AOC has learned that television transfers information by perception of images and sound, a critically important fact that Congressman Mooney has yet to fully embrace and act upon.

In his latest video, he chose to stand in front of Nancy Pelosi’s seven-foot-tall concertina-topped Capitol fence, but the cameraman had him badly framed: It seemed he was wearing the Capitol dome like the Pope’s Mitre Auriphygiata. (Actually, he looks good in a mitre; and, given that he’s being redistricted out of a job next cycle, there’s always the Vatican.)

But back to the video: Dressed in his default, nondescript charcoal gray suit, the sun angle had him squinting in the general direction of the camera, while half his face was overexposed and his eyes were in shadow and not making contact with his audience. His staccato speech pattern made it difficult to focus on the points he was making and remember them. 

It is most ironic that his unpolished delivery belies his important hard work in defending against efforts to erode the Second Amendment by the leftist Biden Administration and its progressive (read communist) lackeys in Congress. 

It is, after all, the right to keep and bear arms which was the proximate cause, exactly 246 years ago, of the showdown on Lexington Green that heralded the start of the American Revolution and all that has followed. 

While Congressman Mooney did delineate several bills he is sponsoring or co-sponsoring in his video—particularly his effort on H.R. 1132, intended to ensure the privacy of gun owners whose purchases are run through the National Instant Check System or NICS—unfortunately, because the byzantine maneuverings of Washington Swamp Creatures may have already outflanked him, this co-sponsored bill may already be a non sequitur

Those wonderful folks at the Bureau of Alcohol, Tobacco and Firearms have put a bureaucratic spin on the phrase nacht und nebel

These fine, upstanding, number-crunching bb-stackers recently put on their green eyeshades and distributed an “administrative update” of good old Form 4473, called, guess what? Form 4473-5300-9.

The form changes the way information about gun buyers is documented. While NICS is only supposed to retain the new Form 4473-5300-9 data for successful background checks 24 hours and delayed background checks for only 90 days, BATF has a completely different set of rules for Federal Firearms Licensees.

Federal Firearms Licensees (FFLs) must use this form each time they access NICS to transfer guns between buyer and seller. The new update, yawningly dismissed as just another piece of federal paperwork, tends to lob privacy right out the window. 

Here’s why:

While the old Form 4473 had sworn statements on page 1, signature on page 2, and gun information and the gun serial number on page 3, the new Form 4473-5300-9 has gun information, serial number and your personal identification all together on page 1. Only the signature is on page 2. 

Here’s where it gets interesting: Because the Bureau of Alcohol, Tobacco and Firearms reserves the right to “audit” each individual FFL’s complete ledger of transfers at any time, the FFL must also keep the original hard copies of the various Forms 4473 indefinitely.

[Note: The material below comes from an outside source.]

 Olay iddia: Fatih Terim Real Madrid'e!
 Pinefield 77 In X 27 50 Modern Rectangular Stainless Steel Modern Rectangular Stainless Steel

Thus, while the legislation behind the old Form 4473 essentially created a de facto National Gun Registry (but a very clunky one, because all the multi-page applications are in each individual FFL’s possession and not on a government electronic database) the new Form 4473-5300-9 makes it a lot less clunky to get gun serials and owner information from the FFL in one glance. So much for privacy. 

Imagine what the Biden Administration could do to Second Amendment rights with an executive order requiring a “national audit” of all the FFL ledgers to “insure their integrity” (copy them) as a firewall against “right wing domestic terrorism.”  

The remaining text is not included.